Fernandes Costa conseguiu suster os ânimos exaltados dos republicanos, que pretendiam deixar a sala para, no exterior, tirarem desforço dos monárquicos. De seguida usou da palavra "o dr. Antonio Augusto, parocho de Villa Secca".
"Os desordeiros eram os mesmos que em 1901 trouxeram toda a Louzã inquieta com os seus disturbios e os seus desrespeitos ás auctoridades; com a diferença de que então combatiam a eleição d'uma camara que sustou a venda dos baldios, que foram extorquidos ao livre disfructo dos pobres, recebendo o nosso municipio uma insignificancia por esses terrenos que hoje são propriedade dos abastados, e hoje promovem tumultos para que o pobre povo não oiça como são gastos os dinheiros que annualmente são arrancados á sua miseria, sem que com elles se trate de desenvolver as industrias, o commercio, a agricultura, a fim de evitar a enorme emigração para o Brazil e outros paizes" — acrescentava o "Commercio da Louzã", em prosa inaugurada lembrando uma vez mais o "Programma" enunciado no seu número inaugural:
"É necessario que mais uma vez digamos aos nossos conterraneos que o nosso jornal nascido para tratar dos interesses da comarca, se não affastará do seu programma, apesar das ideias republicanas dos seus directores. Enquanto puder viver será esta a sua linha de conducta, não podendo, morrerá no campo da honra".
Em consequência, prometia-se imparcialidade na descrição dos graves tumultos de domingo. Mas tal como o anúncio da realização do comício vinha prenhe de entrelinhas "republicanas", também a narração dos acontecimentos de domingo não conseguiria esconder a alma republicana dos seus directores.

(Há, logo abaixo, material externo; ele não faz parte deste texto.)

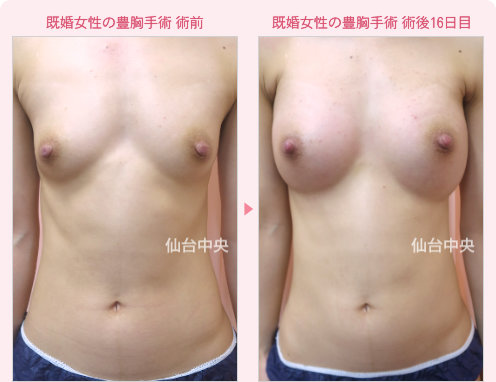 既婚の豊胸手術 症例写真1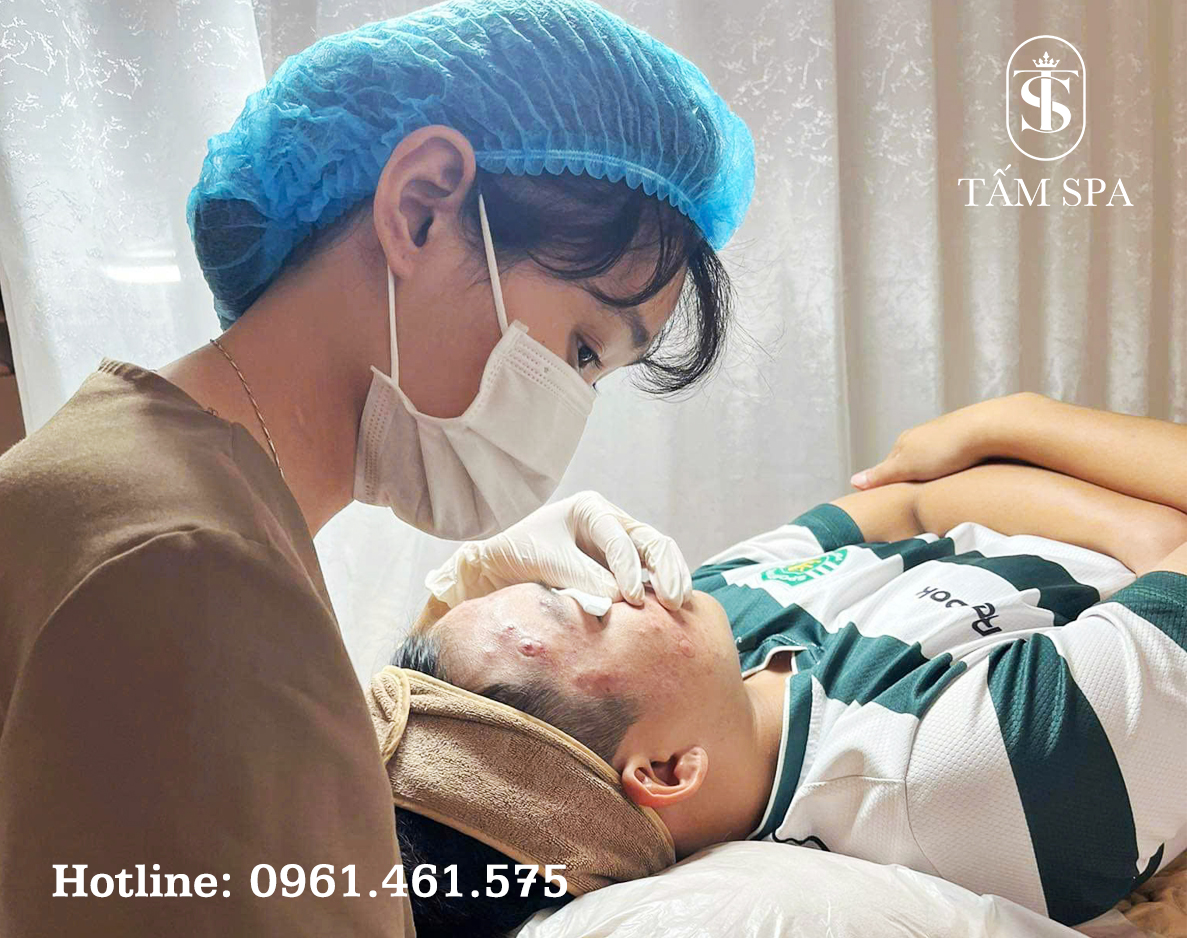 Lấy Mụn Chuẩn Y Khoa Chuyên Sâu Giải Pháp Tối Ưu Cho Làn Da Khỏe Mạnh Lấy Mụn Chuẩn Y Khoa Chuyên Sâu Giải Pháp Tối Ưu Cho Làn Da Khỏe Mạnh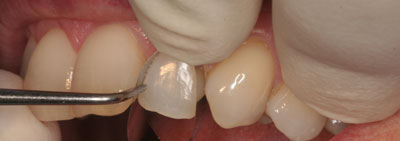 Protocol for veneer restauration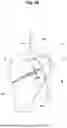 Fig. 05 - BUFFER FOR FEMORAL HEAD AND NECK EXCISION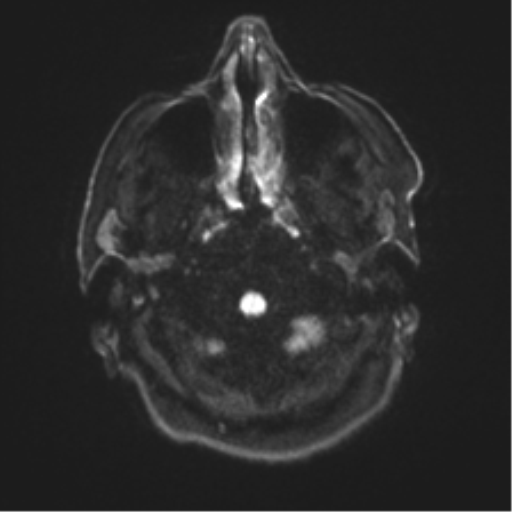 Behavioral variant frontotemporal dementia and late onset schizophrenia (Radiopaedia 52197-58083 Axial DTI Trace W 29).png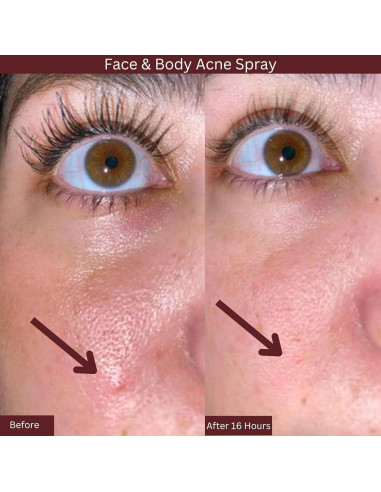 Spray de Ácido Salicílico ITK Skincare 2% para Acné 93.4ml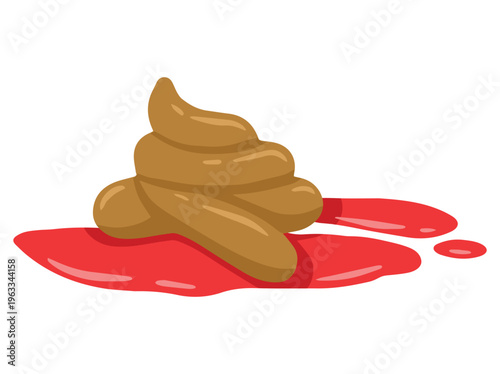 Stool Diarrhea Blood Ebola Illustration
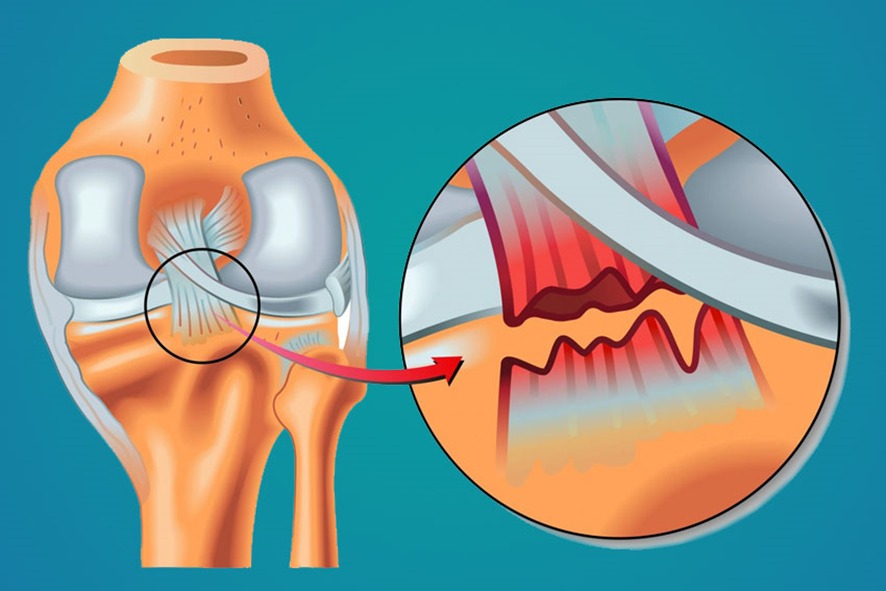 Ruptura do ligamento cruzado posterior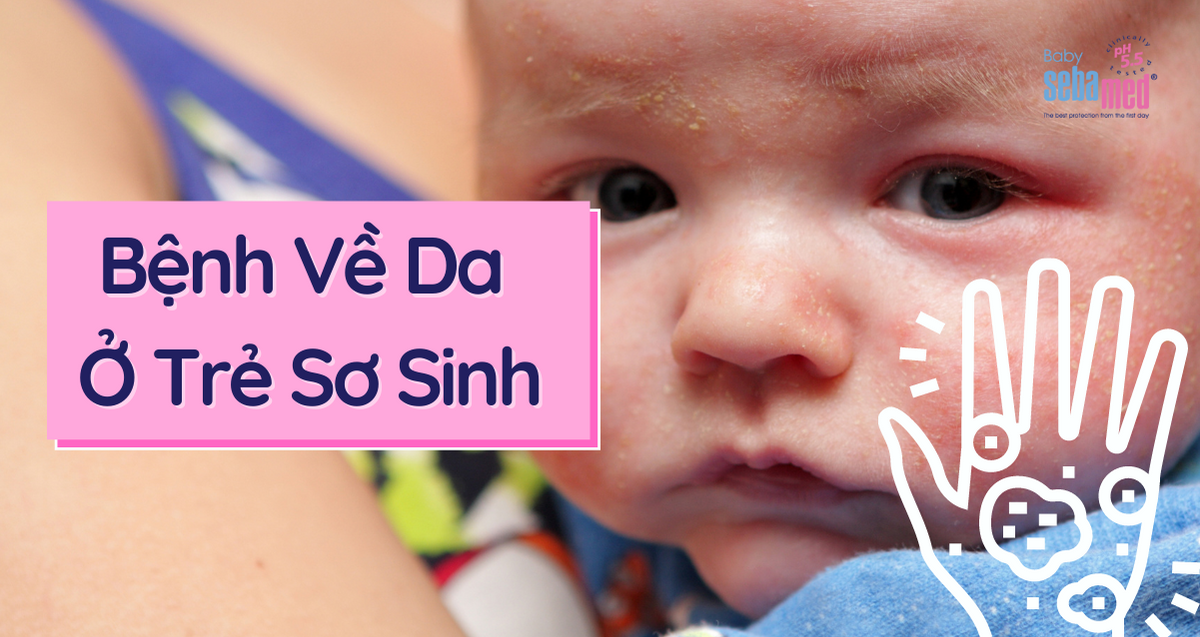 Bệnh Về Da Ở Trẻ Sơ Sinh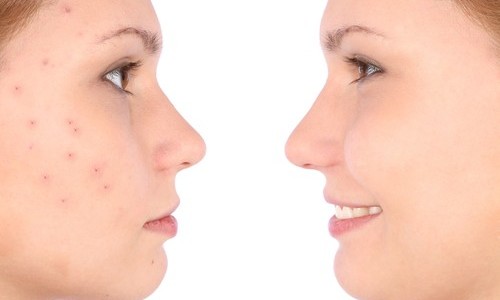 Acne-500x325
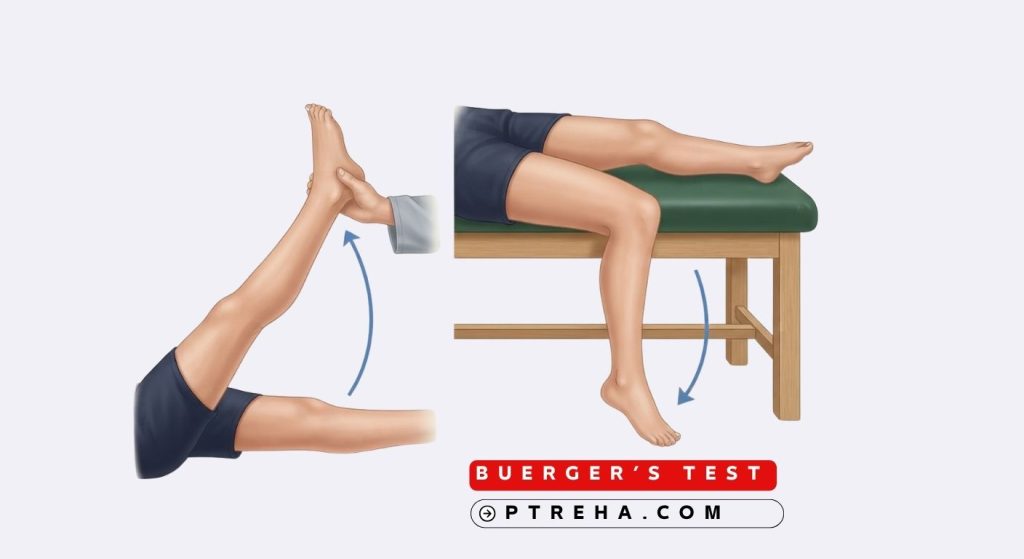 Buerger's Test Buerger's Test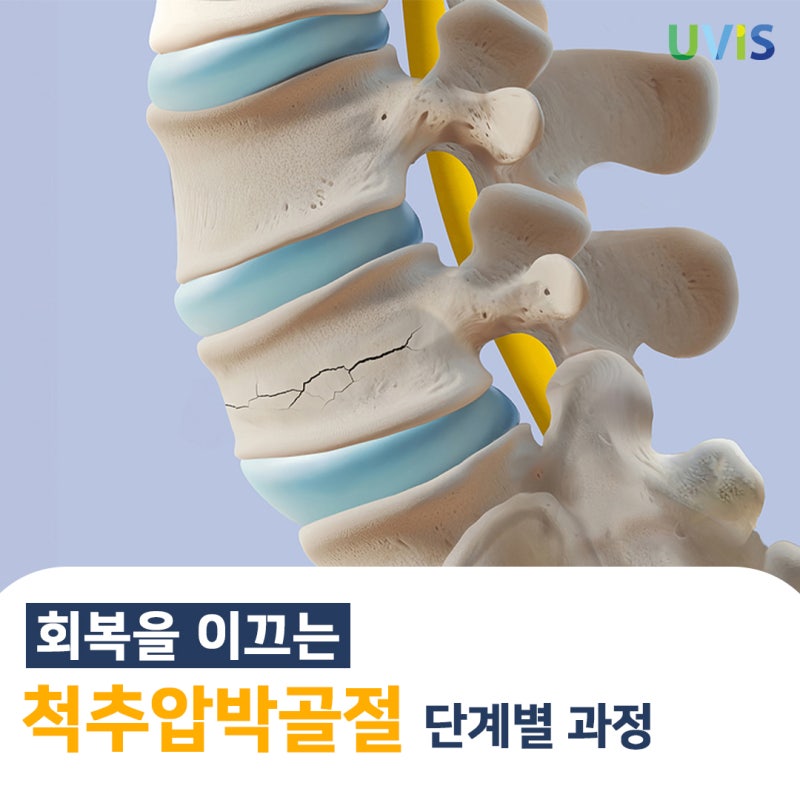 척추압박골절 완치를 향한 단계별 회복 과정과 필수 주의사항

"Vozearia arruaceira", "malta açulada", "desordenado berreiro", "pobre gente", "inconscientes", eram alguns dos epítetos elencados para classificar os contra-manifestantes.
A inauguração do Centro Republicano da Lousã ficava assim manchada por graves distúrbios, e haveria de constituir tema obrigatório das edições seguintes do "Commercio da Louzã".